5-1. データの保存期間は短いことが多い
- ブラウザを閉じたり、一定時間が経つと、テーブルやデータが消えるサービスも多いです。
- 「長期保存する場所」ではなく、その場で試して捨てる場所と考えましょう。
5-2. 個人情報や本番そっくりのデータは入れない
- 外部サービス上に本番データや個人情報を置くのは、セキュリティ的にも利用規約的にもNGです。

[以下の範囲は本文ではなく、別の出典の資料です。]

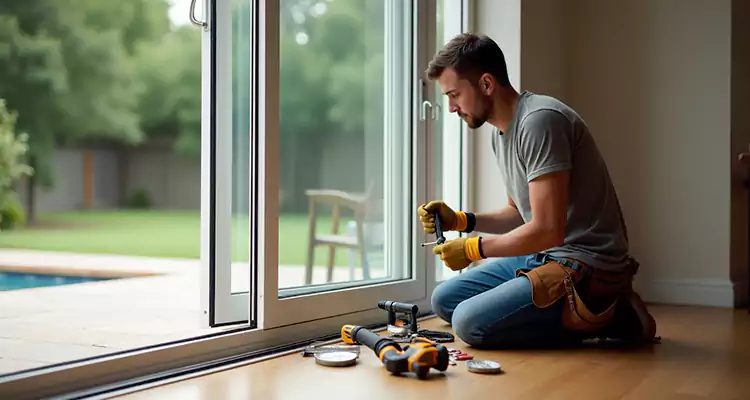 Patio Screen Door Rollers Repair in Country Club, FL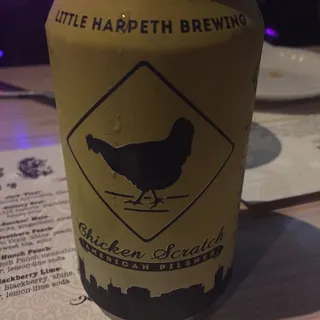 Little Harpeth Chicken Scratch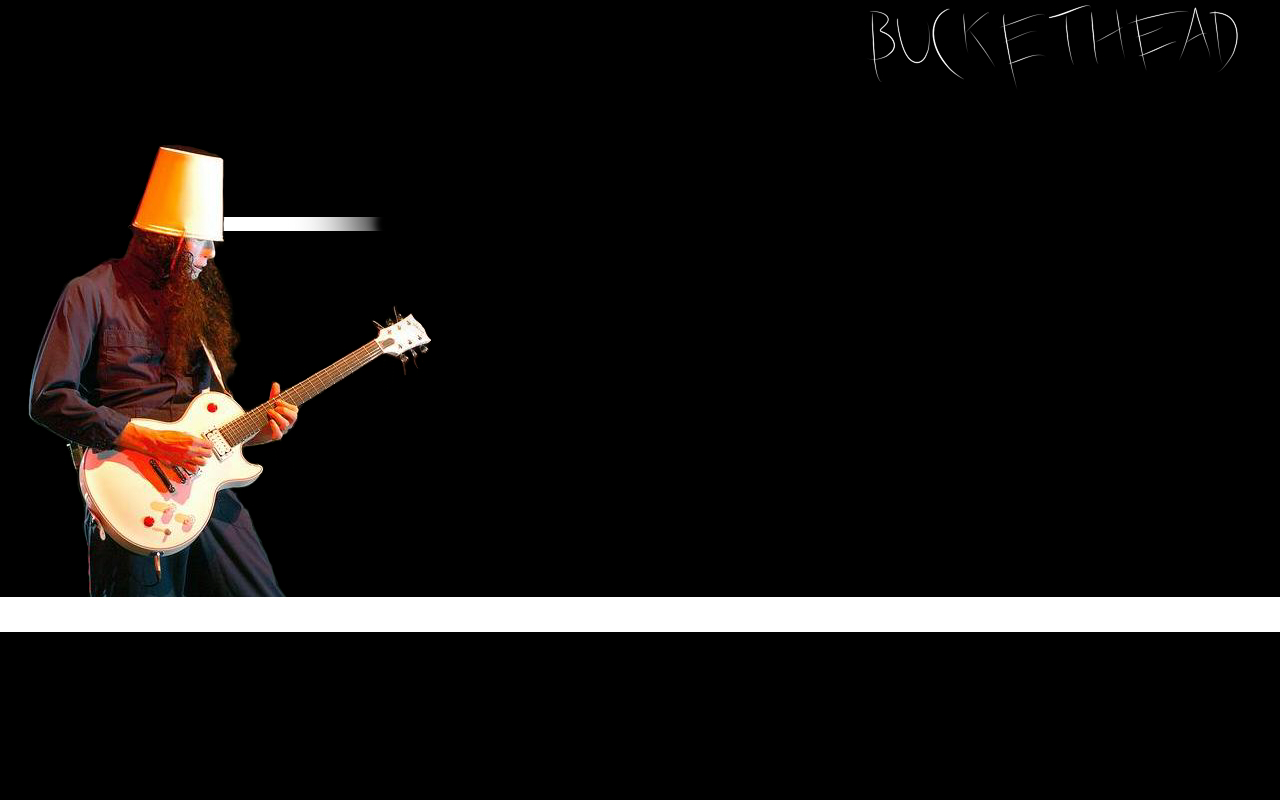 Buckethead Background by Android 0R3Z 1280x800.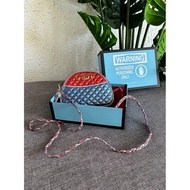 GG Laminated Leather Mini Bag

- サンプルデータは、必ずダミーの名前・メールアドレス・ID にします。
5-3. 本番に適用するときは「別環境+バックアップ」を挟む
オンライン環境で書いたSQLを本番DBに持っていくときは、
- 本番と似た構造のテスト環境で再度確認する
- 必ずバックアップを取ってから本番で実行する
という2段階を挟むのが安全です。
「プレイグラウンドは“アイデア出し”と“動作確認”まで。
本番に流す前には、テスト環境とバックアップをはさむ。」
この考え方を持っておくだけで、事故のリスクをかなり減らせます。
6. 次の一歩:自分の学習用テーブルを考えてみる
ここまでで、
- ブラウザだけでSQLを試せるオンライン環境にアクセスし、
- テーブルを作成し、
- データを入れて、
SELECT/WHERE/ORDER BY/LIMITを一通り実行する
ところまで体験できました。
次のステップとしては、次のような自分用の練習テーマを決めてみると、理解が一気に深まります。
- ブログ記事一覧テーブル(
id,title,created_at,categoryなど) - ECサイトの商品テーブル(
id,name,price,stock,categoryなど) - 家計簿テーブル(
id,date,category,amount,memoなど)
テーブル設計から自分で考えて、オンラインプレイグラウンド上で
- 「○○円以上の商品だけ取り出す」
- 「○○カテゴリだけ、日付の新しい順に見る」
- 「月ごとの合計金額を集計する」
といったクエリを書いていくと、「実務でどう使うか」のイメージが掴みやすくなります。
SQL学習の最初の一歩は、**「本番に一切触れない安全な場所で、たくさん手を動かすこと」**です。
今回紹介したようなオンライン環境を上手に使って、少しずつクエリに慣れていきましょう。